The process of selling a house begins with setting the asking price for the property. Although it may seem lucrative to start by setting a high list price, it can actually harm your chances of selling the property in a number of ways. Let’s take a look at four ways that overpricing your home can make your home sale more difficult.
1. You’ll Miss Potential Buyers:
If your home is overpriced, you’re going to have a tough time connecting with your target buyer market. Why? Because most buyers put in a max high price into their criteria as they search for properties. While some may include homes a little above their budget to capture overpriced properties, many won’t.

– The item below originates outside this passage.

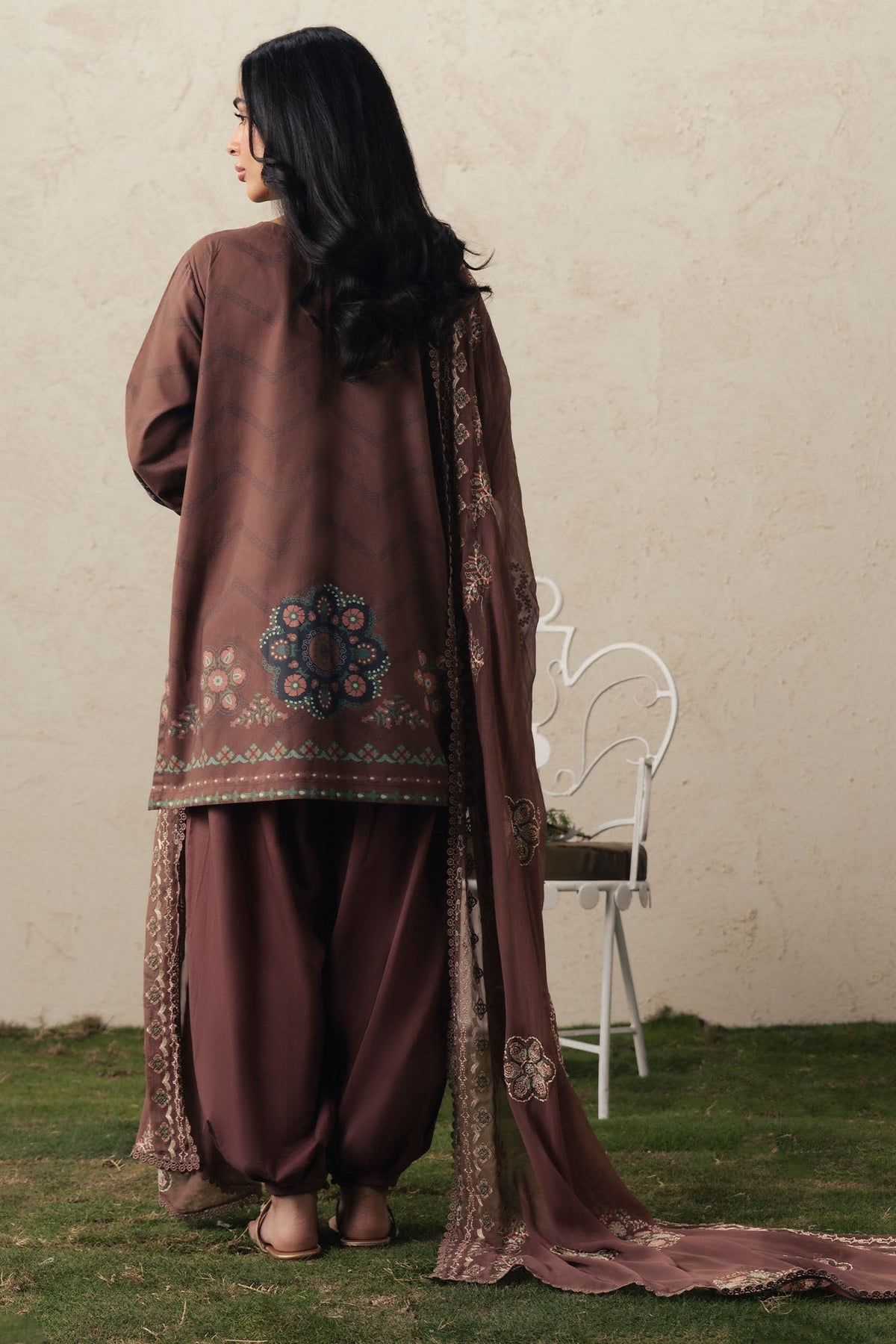Cross Stitch | The Moonsoon Edit 26 | BRUNETTE GLAM-3PC PRINTED SUIT, image 2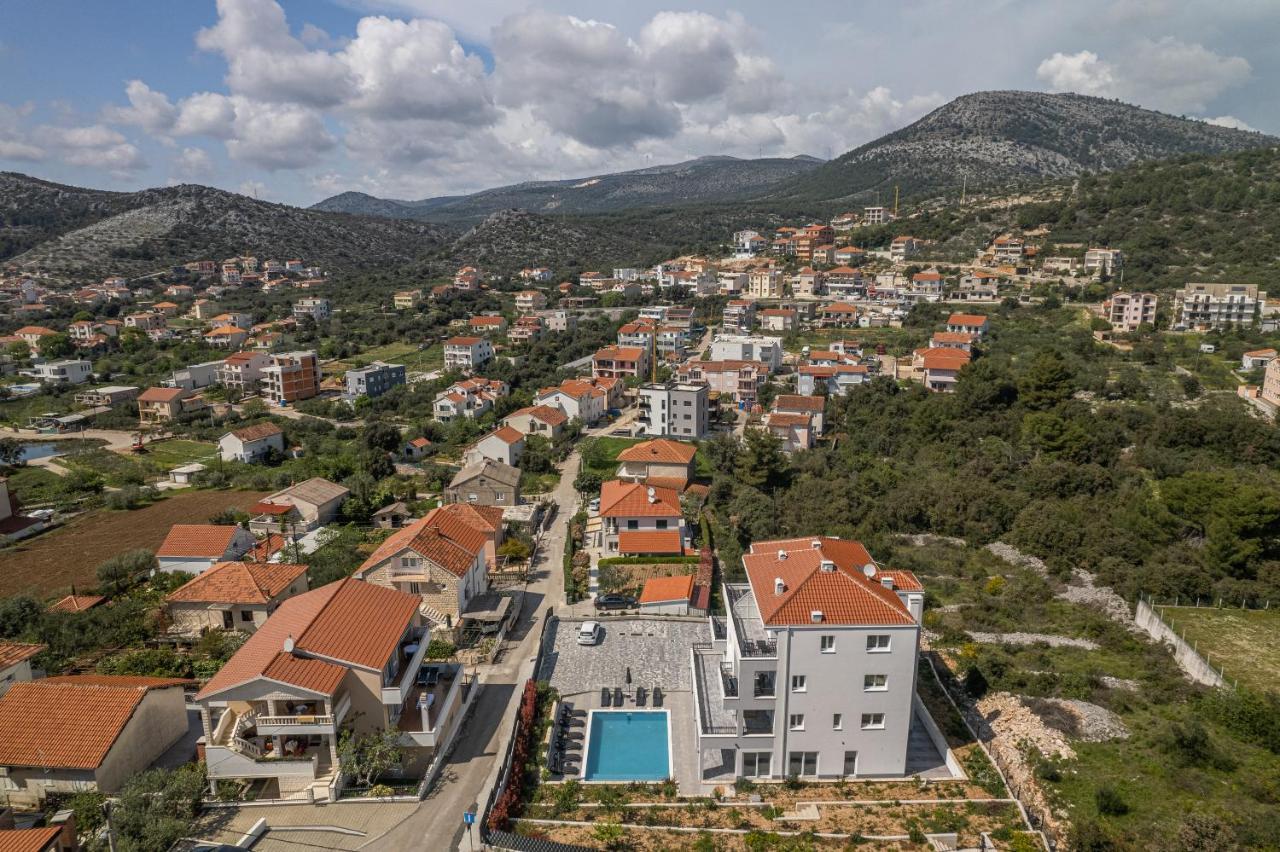 Villa Barbara & Zoran With Heated Swimming Pool Seget Vranjica Esterno foto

2. Your Listing Will Stand Out as Overpriced:
Remember that buyers are looking at dozens of homes in your area that have very similar criteria. If a home is way overpriced, a well-researched home shopper will be able to spot it from a mile away. While buyers usually do expect to do some negotiating, they don’t want to waste time fighting for a fair price with the property owner – especially in a market with solid inventory.
3. Buyers Will be Turned Off by Negotiations:
If a buyer is interested in your home but realizes that they’re going to have to negotiate to get the price into their comfort zone, odds are they’ll end up with another house. It’s difficult to plan a home purchase working with theoretical numbers that may or may come to fruition at the offer table.
This is, perhaps, the most obvious reason it’s damaging to overprice your home. If you’re in a rush to sell, you’re going to have a much better experience if you price it right the first time. If your home is priced too high and you’re forced to do multiple price drops to generate buyer interest, it’s going to take longer to sell.
Now that you understand the risks involved with overpricing your home, make sure you set a fair price when you’re ready to list to increase the odds of selling your home quickly.